Focus your performance. The great management guru Dr. W. Edwards Deming wrote that constancy of purpose is one of the key ingredients of success. Know where you want to go, and stay focused on performing activities that serve to further those goals.

Coordinate your performance. You do not work in a vacuum. And you are not serving your organization by personally succeeding at the expense of others or at the expense of the goals of the organization. All work must be coordinated to produce maximum benefit for the organization.

Control your performance. Work within defined and accepted parameters to make sure you are in compliance with health, safety, and other regulations.
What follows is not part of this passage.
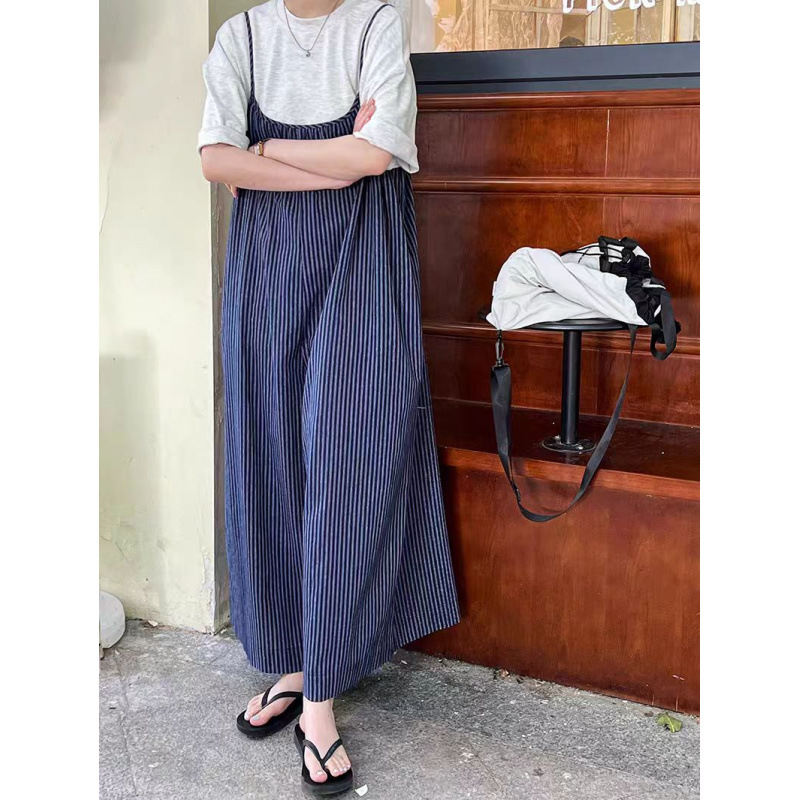 Summer Korean-style Loose Slimming Casual Wide-leg Jumpsuit With Straps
Document your results. Remember – if it isn’t documented, it isn’t done! Without proper documentation, you won’t be able to carry out the next stage – Check!

Preferably on a small scale. This is still an early stage in getting “It” done. Don’t commit more resources than necessary until you have completed the PDCA process at least once. You still need to decide whether or not your methods were successful in this stage before you ramp up.

Check

Cecking, the third phase of the Plan, Do, Check, Act process, requires us to look at what we have done, and evaluate it Did it accomplish what we expected? Were there unintended consequences? Is there a better way we could do it next time?

In order to answer these questions, we look at the system, and evaluate it and its outcomes. We measure data and variation using statistical processes.

Tools

Cause and Effect Diagram (Ishikawa Diagram)
Cause and effect diagrams visually plot causes of a certain event. Causes are usually grouped into major categories to identify these sources of variation

Control Chart
Control charts are tools used to determine whether or not a business process is in a state of statistical control.

Act

After you have gone through planning, doing, and studying, you get to the “Act” stage of PDCA. This stage requires you to use the analysis you did in the “Check” stage, and make one of the three choices:

  • Integrate what you have done into your organization and implement it on a larger scale. This is done when your first attempt was completely successful, and you don’t want to change anything.
  • Take corrective and preventive action. This is done when your first attempt was somewhat successful, but you learned from it and need to adjust the process.
  • Abandon the idea. This is done when your attempt was completely unsuccessful, and you don’t want to integrate any of it into your business operations.

There are different types of “acting” in organizations. When implemented as part of the PDCA cycle, “acting” is really “pro-acting” instead of “re-acting.” PDCA requires that we look ahead and anticipate what might happen, and prepare for it. People who take shortcuts with the PDCA cycle often end up in a “Do – Act” process, skipping the planning and the checking. This could really be renamed a “Do – React” process, whereby many resources are wasted.